You can see that this has riled me beyond what most would consider rational, the true definition of a first world problem, one that doesn’t even affect me personally, since I was sent just the check disc for the fifth movie to review. I don’t have to find a use for four redundant check discs. Actually, since this is a pentalogy of Naruto Shippuden movies, I’ll throw in a few links here to get you caught up with the first four films.
Naruto Shippuden: The Movie 1 & 2 Double
Naruto Shippuden Movie 3: The Will of Fire
Naruto Shippuden: The Movie 4 – The Lost Tower
However, this review will concentrate solely on the fifth film, Naruto Shippuden: The Movie 5 – Blood Prison, and as stated it’s also available singly on DVD (and DVD Pentalogy if you really want to go there).
Naruto Uzumaki has been sentenced to Blood Prison in Hozuki Castle.

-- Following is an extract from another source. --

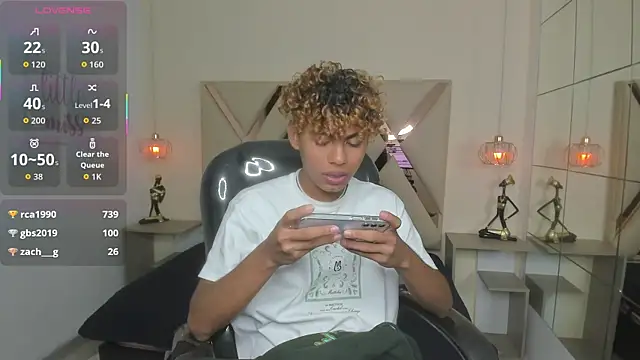 Chat +18 de Anyelo_Twink ao vivo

That is what happens when you try to assassinate the Raikage of the Cloud Ninja. Of course Naruto vociferously maintains his innocence, but as a matter of diplomacy, and especially since other reports of Naruto’s crimes have been piling up, the Hokage decides to acquiesce to having him imprisoned, while she promises that the Leaf ninja will work to prove his innocence. Naruto would much rather prove his innocence himself, as well as pounding on whoever’s trying to frame him, but he has his hands full in Blood Prison, a facility for holding ninja that no one has ever escaped from.
For one thing, he’s restrained by the Warden Lord Mui’s Celestial Prison jutsu, which seals away his powers, and inflicts pain if he tries to escape. But there is something nefarious going on in Blood Prison, especially as it’s rumoured to hold the Box of Ultimate Bliss, which will grant any one wish. For the Hidden Grass ninja whose responsibility it is to run the prison, that wish could make them all powerful in the ninja world. But to open the box, they need a whole lot of chakra. Naruto has a whole lot of chakra...

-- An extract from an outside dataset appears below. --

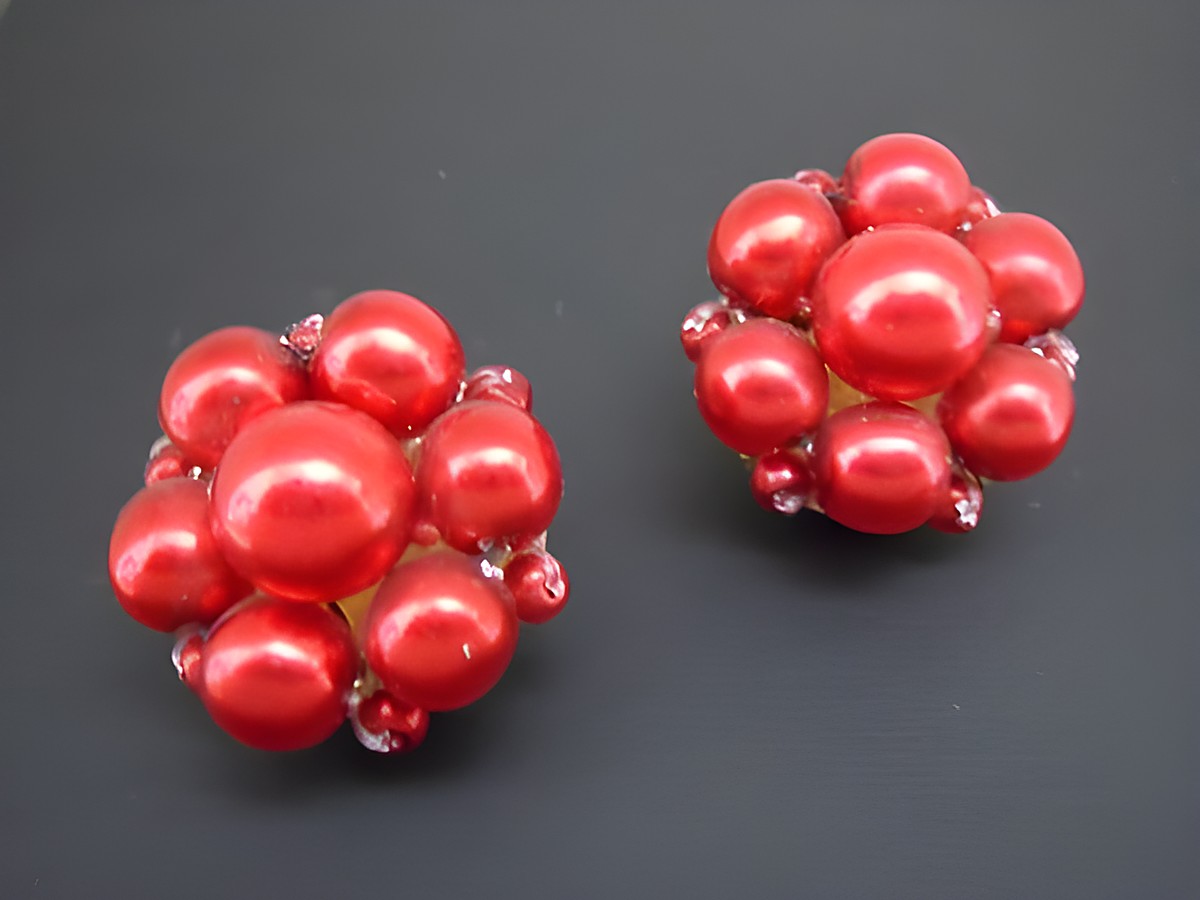 Ohrclip in rot blumig mit goldfarbenen Akzenten und synthetischen Zuchtperlen, Hersteller Juwelier Harnisch, elegantes und auffälliges Design.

And remember to keep watching for the post-credits sting.
The fifth movie gets a 1.85:1 widescreen transfer at 1080p resolution on a BD 25 disc. It’s clear, sharp and colourful throughout, and as usual for the big-budget movie spin-off, the quality of the animation really does shine, especially for the bigger action sequences. The problem here might be with the darker scenes, and give that Naruto is spending most of his time in prison; there are a lot of darker scenes, lit by flickering candlelight. It’s here that you will find the perennial problem of digital banding.

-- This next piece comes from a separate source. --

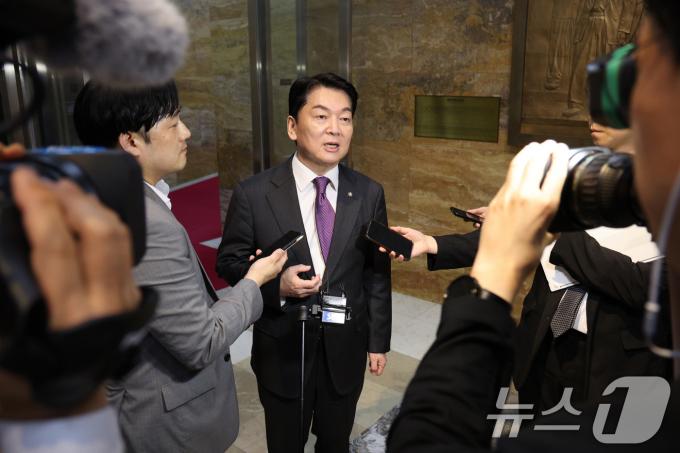 [사진] 채상병 특검법 찬성 표결한 안철수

You have the choice between DTS-HD MA 5.1 Surround English and Japanese, with translated English subtitles for the Japanese audio. There is no signs only track, and there are one or two points in the film where signs are necessary. I went with the Japanese audio, and was happy with the surround effects, especially during the action sequences. However I did feel on occasion that the effects and the music did overpower the dialogue. Speaking of the music, it has nice evocative feel to it, reminding me of the music from nu-Battlestar Galactica, particularly in its final seasons. The subtitles are timed accurately and are free of typographical error.
The disc presents its contents with an animated menu, and there’s more than the usual collection of extras too.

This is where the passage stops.